I got VCF data format in Databricks. I wish to rename the subjects based on dictionary.
I got dictionary where I got the key-new names. Then I got function to get the new values and return values work so far:
import pyspark.sql.functions as F
keys= {'old_name': 'new_name'}
mapping_func = lambda x: keys.get(x)
df.withColumn('foo', udf(mapping_func, F.StringType())('geno.sampleId'))
Producing new column foo
. What I need to assign the values in the nested structure: (Last row)

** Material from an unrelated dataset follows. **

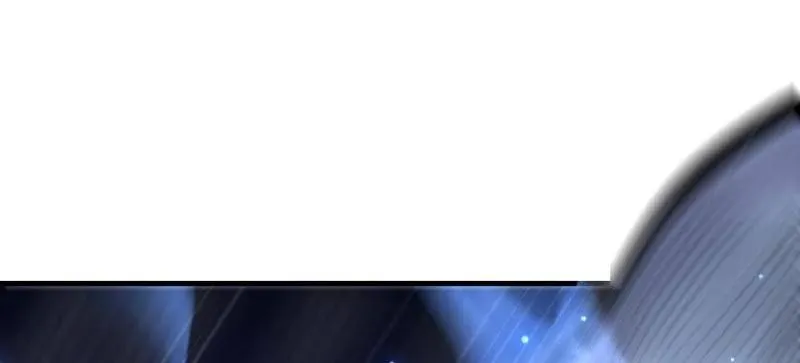 第506话 505 北逃50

StructField(contigName,StringType,true)
StructField(start,LongType,true)
StructField(end,LongType,true)
StructField(names,ArrayType(StringType,true),true)
StructField(referenceAllele,StringType,true)
StructField(alternateAlleles,ArrayType(StringType,true),true)
StructField(qual,DoubleType,true)
StructField(filters,ArrayType(StringType,true),true)
StructField(splitFromMultiAllelic,BooleanType,true)
StructField(geno,StructType(List(StructField(sampleId,StringType,true),StructField(CN,IntegerType,true),StructField(phased,BooleanType,true),StructField(calls,ArrayType(IntegerType,true),true))),true)
Something like this:
df = df.withColumn(F.col('geno').sampleId, udf(mapping_func, F.StringType())('geno.sampleId'))
But this says
Column is not iterable
How would I go about assigning the values to proper place?
Scala 2.12 and spark 3.01
CodePudding user response:
From my understanding, you don't need to use UDF here. You can simply use a map column expression instead:
from itertools import chain
import pyspark.sql.functions as F
keys_map = F.create_map(*[F.lit(x)for x in chain(*keys.items())])
Now, to update a nested field in a struct you need to recreate the whole struct column (for Spark 3.1 , you'd use withField
method):
df = df.withColumn(
"geno",
F.struct(
keys_map[F.col("geno.sampleId")].alias("sampleId"), # replaces sampleId value according to your keys mapping
F.col("geno.CN").alias("CN"),
F.col("geno.phased").alias("phased"),
F.col("geno.calls").alias("calls")
)
)